Shanghai SMG-CJ Homeshopping Co. Ltd., a unit of China’s largest television shopping operator Shanghai Oriental TV Shopping, is planning a stock market listing to build up its muscle in preparation for potential mergers and acquisitions (M&A) deals in the future, a top executive said.
“We do not need financing, going public is only a means for our future M&A plans,” managing director Kim Heung Soo told the Hong Kong Economic Journal’s EJ Insight.
The company is “considering A-share or H-share listing” but could eventually opt for a domestic float in Shanghai as China has reopened the initial public offering (IPO) tap, he said in an interview.
SMG-CJ Homeshopping is 40 percent owned by Shanghai Media Group and 16 percent by Korea-listed CJ Corp., while some venture capital firms also have some stakes. “They will be responsible for the listing,” Kim said, without elaborating.

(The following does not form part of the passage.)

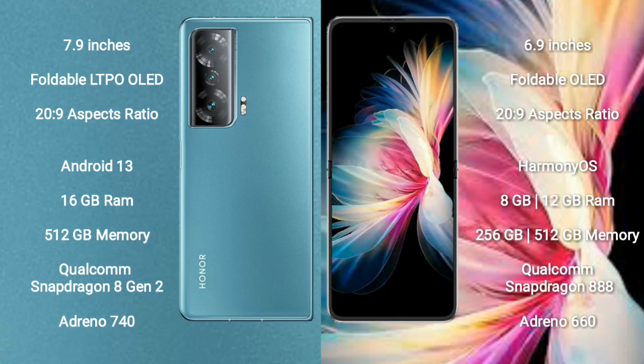Honor Magic V2 runs on the Android 13 operating system. It comes with 16GB RAM, 512GB internal storage, a Qualcomm Snapdragon 8 Gen 2 processor, and an Adreno 740 GPU.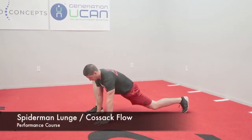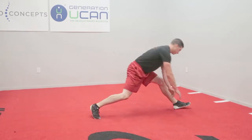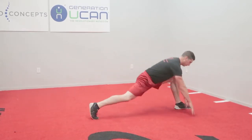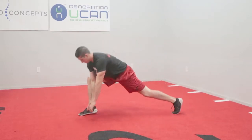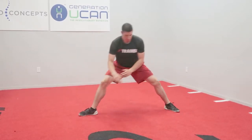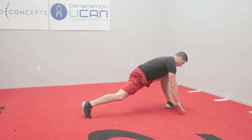The athlete will begin in a deep Spider-Man stretch and then will rock back into a lateral Cossack squat, or a lateral lunge on their hind leg, until they turn fully into a Spider-Man on the opposite leg. They will continue flowing side to side until the prescribed amount of reps have been completed.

The company clocked revenue of 7.63 billion yuan (US$1.26 billion) in 2012, compared with 150 million yuan in 2004. The revenue growth reflects the huge potential in the market, it said. Kim expects income this year to reach 10 billion yuan, up from an estimated 8.5 billion yuan in 2013.
According to the executive, 60 percent of SMG-CJ’s revenue comes from TV shopping while 21 percent is from internet shopping and 4 percent from mobile phone transactions. The firm’s operating profit margin is at about 6 percent.

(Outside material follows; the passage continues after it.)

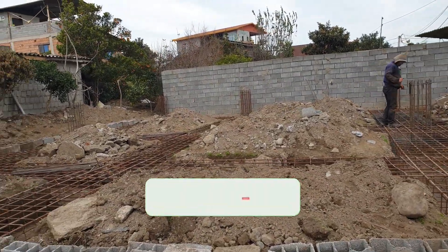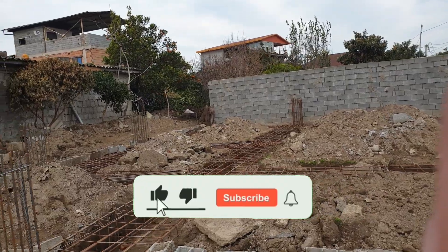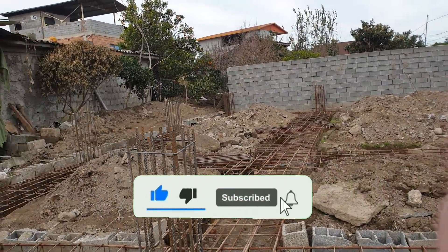I want you all to subscribe to my channel to motivate me to create more videos. Thank you.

“We aim to achieve 10 billion US dollars revenue in the next five years and reach 100 billion yuan by 2020. It will mean we will be the biggest TV shopping company in China and in the world,” Kim said. “We tend to focus on the female market including jewelry and clothes.”

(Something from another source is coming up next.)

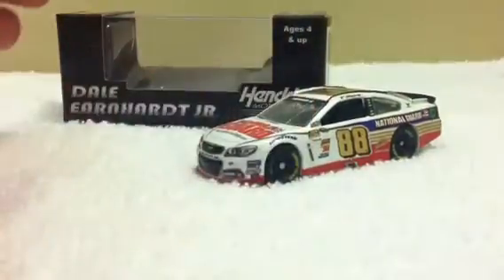I decided I'd review it for you since it is a really neat looking car, a really neat looking diecast. So just a quick look at the box now.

Last year, the TV shopping market in Shanghai, Zhejiang and Jiangsu was estimated to be worth about 12 billion yuan while the overall national total was about 40 to 50 billion yuan, accounting for 0.3 percent of the total consumption of the country, the executive said.
In comparison, South Korea’s TV shopping market was worth about 60 billion yuan, despite the country having far less population, accounting for 6 percent of the total consumption in the country, he said. That shows the tremendous room for growth the business has in China.
Currently, there are more than 30 TV shopping companies in the mainland. “Hopefully by 2020, there will be three giant TV shopping companies in China after the consolidation. We may also make acquisitions of e-commerce operators and logistics companies in China,” Kim said.
China’s State Administration for Industry and Commerce said on Dec. 19 that it will strengthen the supervision work on TV shopping commercials to prevent exaggerated sales pitches and misleading product information.
It said it will join hands with the Ministry of Commerce, the Ministry of Industry and Information Technology and the Ministry of Public Security in tackling the issue.
“We have very tight scrutiny on quality; buyers can ask for refund, without having to give any explanation, within a week from their purchases,” Kim said. He admitted that the reputation of online shopping operators in China is generally “not good”.
To adapt new media into its business, SMG-CJ Homeshopping has established partnerships with groups such as T-mall. Meanwhile, it is also in talks with Youku.com, the mainland’s leading internet video hosting site, for launching e-commerce content on their platforms.
As people are increasingly switching to mobile and internet shopping from traditional stores, “we are trying to condense the 30 minutes of air time into a 30-second clip and stream it to mobile phones,” Kim said. By 2020, new media shopping could take up half of the consumption market, he added.
With regard to overseas forays, SMG-CJ will make its first moves in the Asian region. “We have talked with some American-owned TV channels such as Star TV and some British ones as well as those from Asian countries including Indonesia, Thailand and India,” Kim said.